Rose will compete in the Open Championship at Royal St George's in July 2020, but just 72 hours after the awarding of the Claret Jug, Rose will be on a plane to Tokyo for the Olympics opening ceremony - something he believes many others should also do.
'It's a quick turnaround, but I'd encourage any golfer taking part to be at the opening ceremony,' he said. 'It's just so inspirational. Being part of Team GB, I think one of the reasons I played so well in Rio was because I got there early and could feel what it was all about.
'If I'd treated it as just another golf tournament, who knows what would have happened?'
Rose, who won his first major championship, the US Open, three years prior to winning a Gold Medal, has fond memories of the night he went to watch the gymnastics at the 2016 Games.
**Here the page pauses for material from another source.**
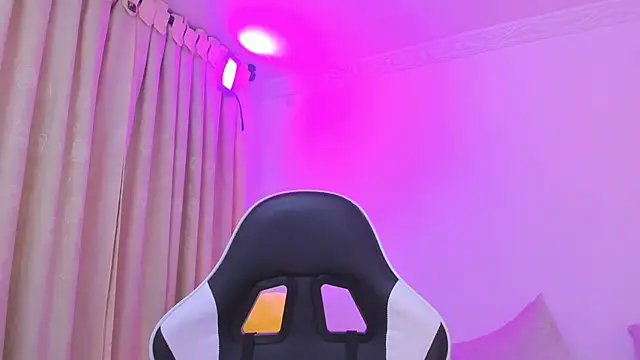 shanel taylor online show from March 2026 02:04:02 AM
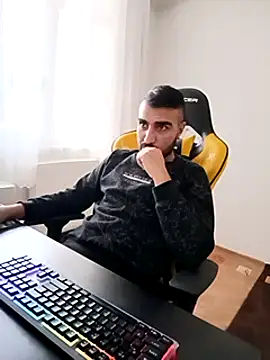 SertSikici022 online show from December 5, 2024, 11:44 am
'I could not believe the chaos that they perform in and around,' he said.
'The noise, the announcements, the movement of other disciplines, trainers walking around the bars while someone is running at the vault. I just thought to myself, "God, we golfers are soft". Like, a marshal takes one step in the wrong direction…
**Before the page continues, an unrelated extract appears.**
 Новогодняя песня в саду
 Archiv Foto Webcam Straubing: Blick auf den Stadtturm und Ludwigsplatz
'When the golf started, and 70 or 80 per cent wasn't a golf crowd, with cameras and a lot of noise, I thought of that night at the gymnastics.
'My pre-shot routine was like I was running for the vault — once I started, nothing was going to stop me, and I was going to play through anything that happened.' The crazy golf schedule, with four majors crammed into 14 weeks, becomes even more manic next year with the Olympics on top and then the Ryder Cup.
'It's going to be the year where you can't be all things to all people,' said Rose, whose 40th birthday just happens to fall on the day he will begin his Olympic defence.
'For me, the Olympics is going to be a huge part of what I prioritise, and the rest might just have to be a by-product of that mindset.'
Rose isn't the only player who has his eyes set on playing in Tokyo next year, with fellow Englishman Paul Casey also chasing his lifelong dream to represent his nation at the Olympic Games, while Tiger Woods has also made clear his intentions of securing a spot for the USA.